Jefferies: South Korea Stock Market Pullback Is Normal and Healthy
Miles Bennett
Jefferies global equity strategist Christopher Wood calls the recent Korean stock pullback "natural and healthy," but stresses that AI upstream infrastructure trades retain staying power — with hyperscaler earnings as the next pressure test.
Korea sold off — why call it a good thing?
Wood views the pullback as normal digestion of prior gains, not a trend reversal.
The driver: AI fatigue is setting in. Capital is rotating out of expensive AI names and into cheaper value stocks that missed the AI rally.

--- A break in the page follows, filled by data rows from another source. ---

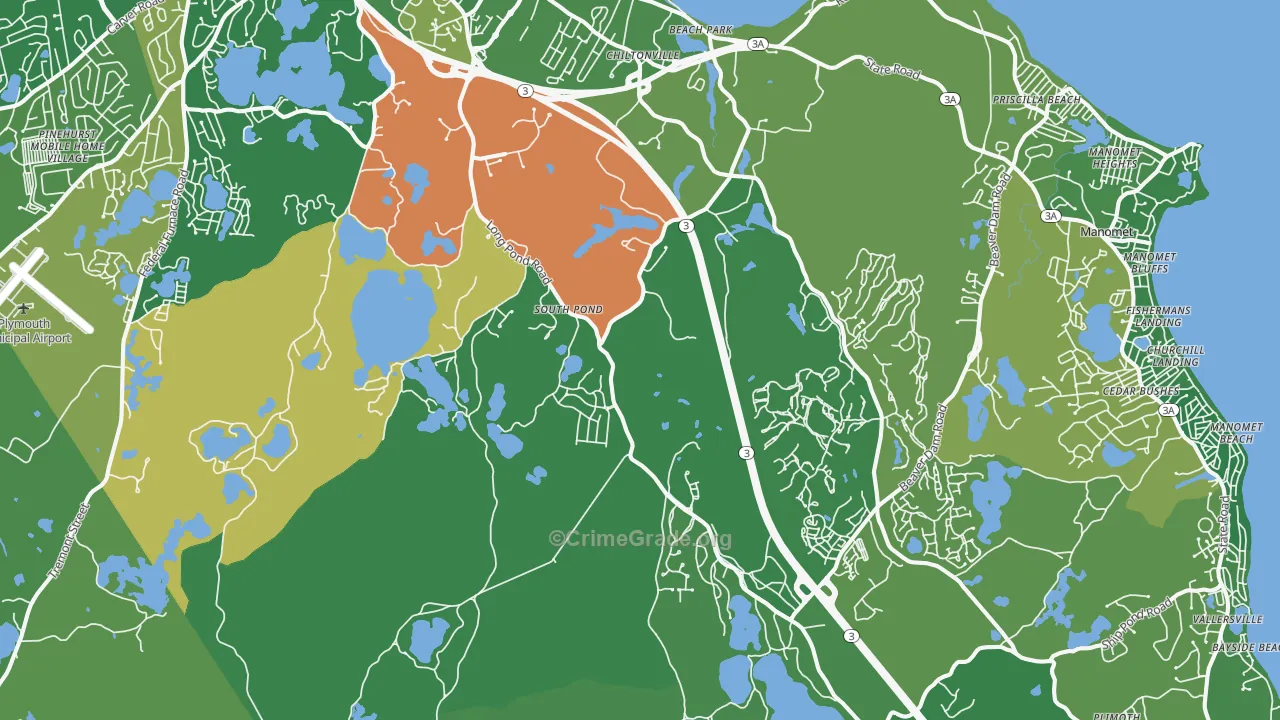 02360, MA Map of Drug-Related Crime Rates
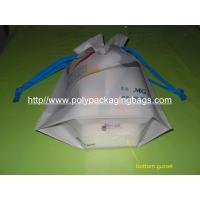 China Personalized CPE / LDPE Drawstring Plastic Bags For Girls Underwear / Bra / Bikini / Vest factory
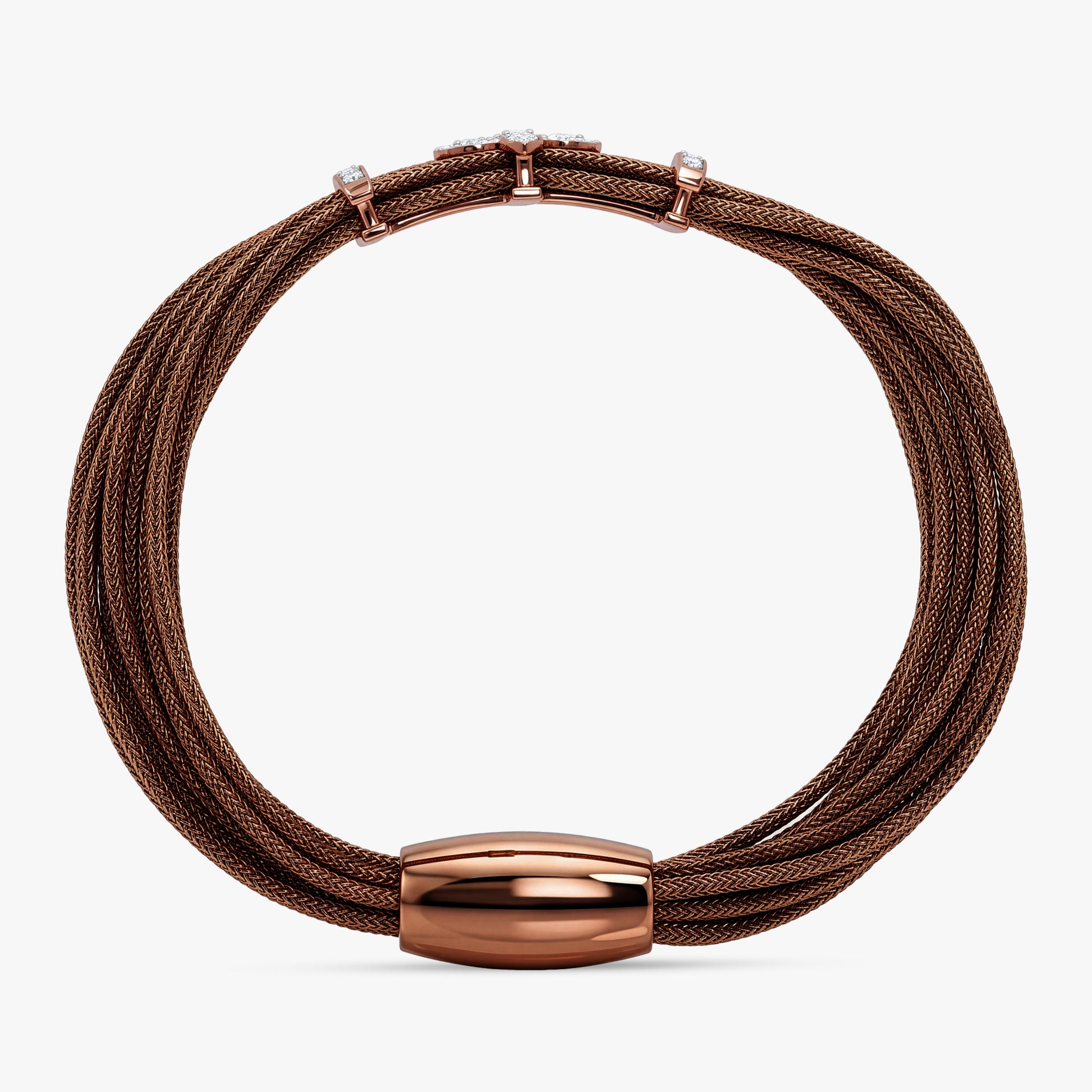 Rose Gold Bloom Stack Lab Grown Diamond Bracelet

This means → the selloff is not about deteriorating fundamentals — it is a style rotation, from chasing momentum to hunting bargains.
Is the AI trade still alive? What does Wood say about upstream?

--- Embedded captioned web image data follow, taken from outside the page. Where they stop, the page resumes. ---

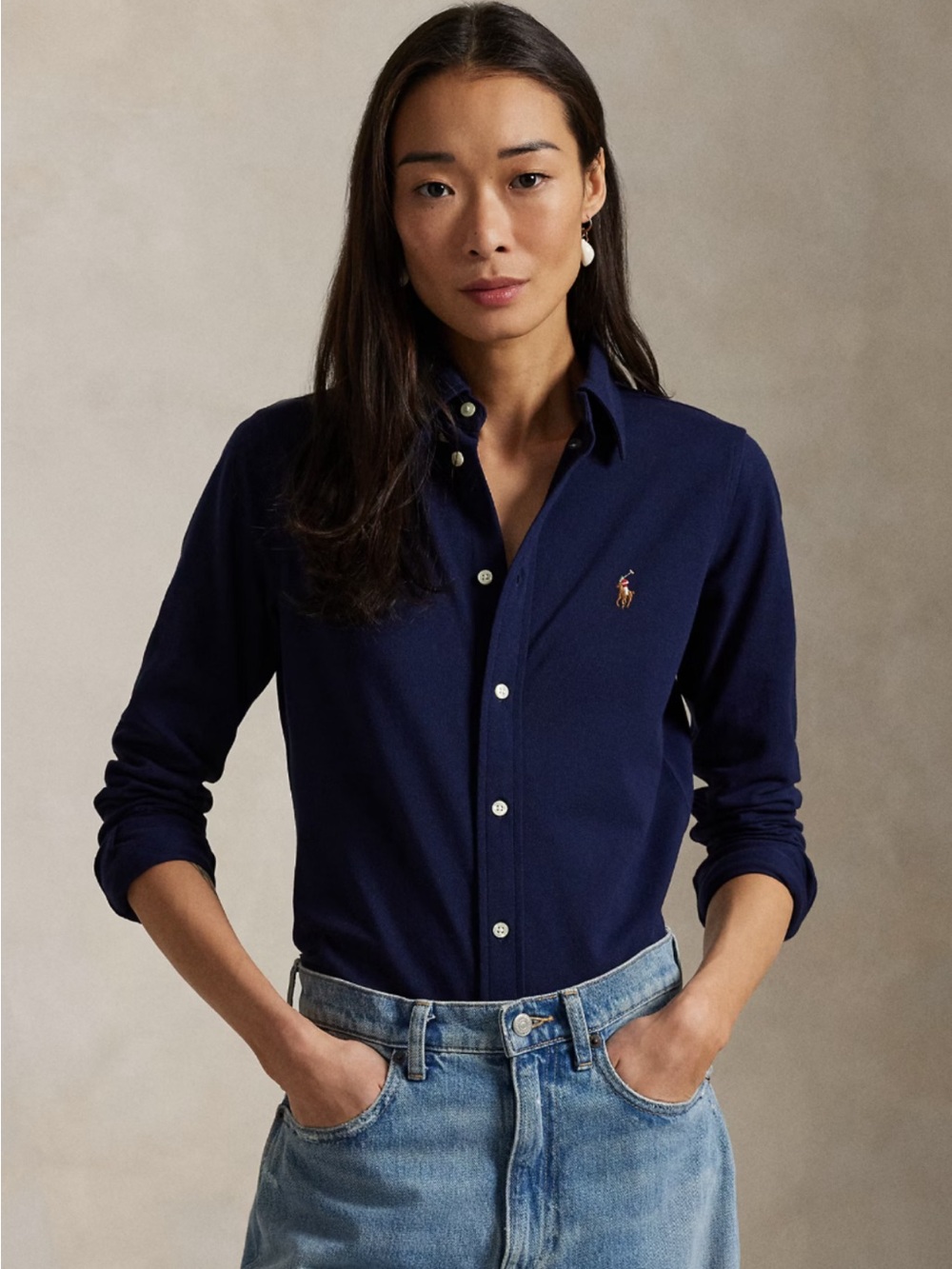 Polo Ralph Lauren Deep Navy Button-Down Oxford shirt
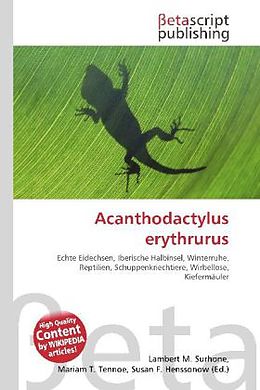 Kartonierter Einband Acanthodactylus erythrurus von 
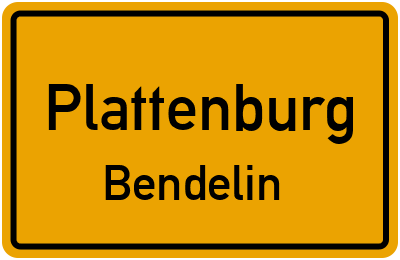 Straßenverzeichnis Plattenburg Bendelin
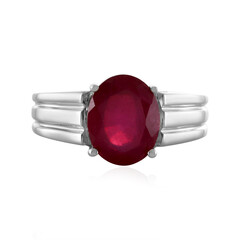 Anillo en plata con Rubí de Madagascar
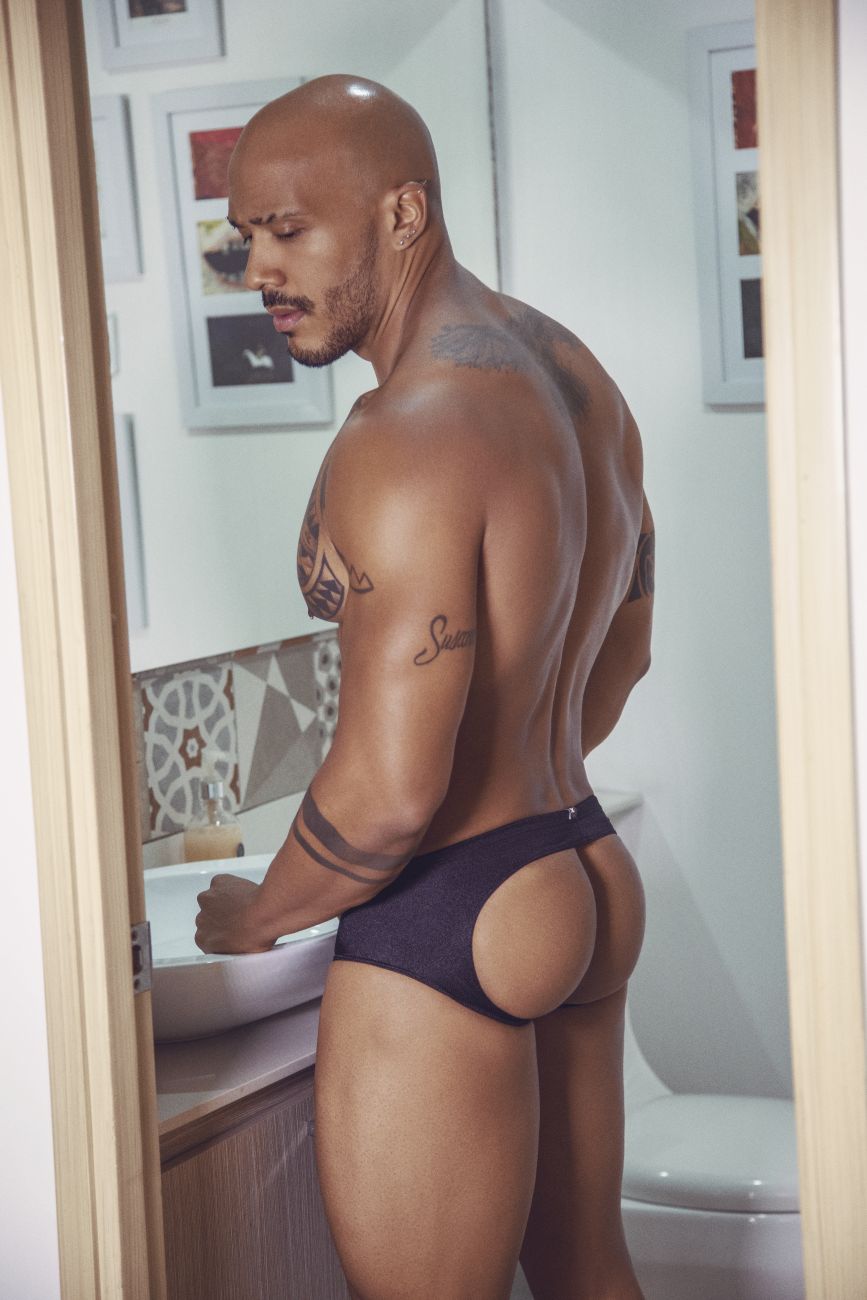 Xtremen 91111 Super Shine Jockstrap Black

Wood is unambiguous: the AI capital-expenditure race is still running, with no sign of ending.
He frames upstream opportunity as a "picks and shovels" trade. In plain terms = regardless of who wins at the AI application layer, infrastructure suppliers — chips, servers, networking gear — get paid first.
This reflects Wood's core thesis: upstream suppliers remain the primary beneficiaries, and sentiment swings do not change that structural logic.
What is the next catalyst to watch?
Wood flags upcoming earnings from hyperscalers — Amazon AWS, Microsoft Azure, Google Cloud — as the next pressure test for the AI narrative.
The key question is singular: is the data-center building boom actually breaking ground, or still stuck at the planning stage?
This means → if earnings show capex is translating into real projects, the AI upstream thesis holds; if not, markets may reprice the entire AI investment narrative.
Content is for reference only, not financial advice.